Sleutelwoorden: rally, waardering, recessie, herstel, groei, desinflatie, enz.
PDF versie
Na een teleurstellende decembermaand (beursindexen dalen met 4 tot 8%), hebben de grootste markten zich hersteld en hebben zij januari afgesloten met aanzienlijke winsten (5 tot 10%). In deze fase van aantrekkende risicobereidheid onderscheidden Europese, Chinese en technologieaandelen zich.
Er waren vele factoren die hiertoe bijdroegen. Wij wijzen op de aanhoudende daling van de energieprijzen, met name de aardgasprijzen en het desinflatieproces in de Verenigde Staten dat nu eindelijk kracht wint (dat gepaard gaat met een geringere stijging van de arbeidskosten). Ook de langetermijnrente en de verwachtingen rond de toekomstige beleidsrente van de centrale banken stabiliseerden (ondanks hun nog steeds harde toon in hun strijd tegen de inflatie). De macro-economische signalen die het scenario van een korte en ondiepe recessie kracht bijzetten (of zelfs een vertraging zonder recessie) en het vooruitzicht van een economisch herstel in China vanaf volgend voorjaar (einde van de "zero Covid"-strategie) geven het vertrouwen opnieuw een boost. Ten slotte lijken de start van het resultatenseizoen voor beursgenoteerde ondernemingen en de prille prognoses voor het boekjaar 2023 het spookbeeld van een sterke winstdaling voor het lopende jaar weg te nemen.
Strookt de waardering van de markten, na zo'n sterke rally aan het begin van het jaar, met alle risico's die op de wereldeconomie wegen?

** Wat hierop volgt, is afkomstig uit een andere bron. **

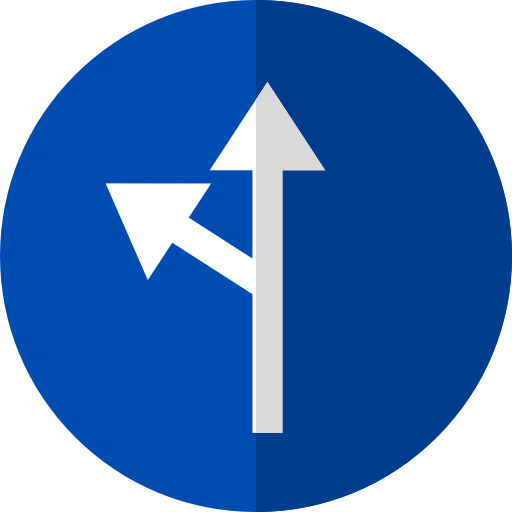 Traffic sign free icon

We kunnen er niet omheen: de macro-economische factoren zijn de afgelopen weken verbeterd! Het klopt dat de energieschok van vorig jaar heeft geleid tot een sterke krimp van de industriële productie in Europa (5 tot 20% afhankelijk van de sector), waardoor de landen waarvan de industrie een belangrijk gewicht in de toegevoegde waarde heeft, met name Duitsland, snel zijn teruggevallen. Maar het grootste deel van de rekening voor de energiecrisis (5% van het Europese bbp) kwam uiteindelijk op het conto van begrotingstekorten, die de nefaste gevolgen van de schok voor de consumptie van de huishoudens en uiteindelijk het bbp (beter dan verwachte prestaties van de eurozone in het vierde kwartaal) aanzienlijk verzachtten. De commentaren van Europese ondernemingen over hun groei wijzen er eerder op dat hun klanten hun voorraden aanpassen. Dat is een perfect logische aanpassing aangezien er na de Covidcrisis in bulk werd besteld om de bevoorrading veilig te stellen. De ondernemingen spreken momenteel echter niet over een ineenstorting van de eindvraag. Daar zijn talrijke redenen voor. Ondanks alles profiteren de orderboekjes van de bedrijven nog steeds van het herstel na de crisis. Na een inflatieschok als gevolg van een ontoereikend aanbod (halfgeleiders, energie, ecologische overgang, bottlenecks in de productieketens, het Russisch-Oekraïense conflict, enz.) zorgt de hervatting van de investeringen veel ondersteuning van de economische groeivooruitzichten. Hierdoor blijven bedrijven financieel gezond, wat gedeeltelijk de verkrapping van de financiële condities compenseert. Als er in Europa een recessie komt, kan deze minder ernstig zijn dan verwacht.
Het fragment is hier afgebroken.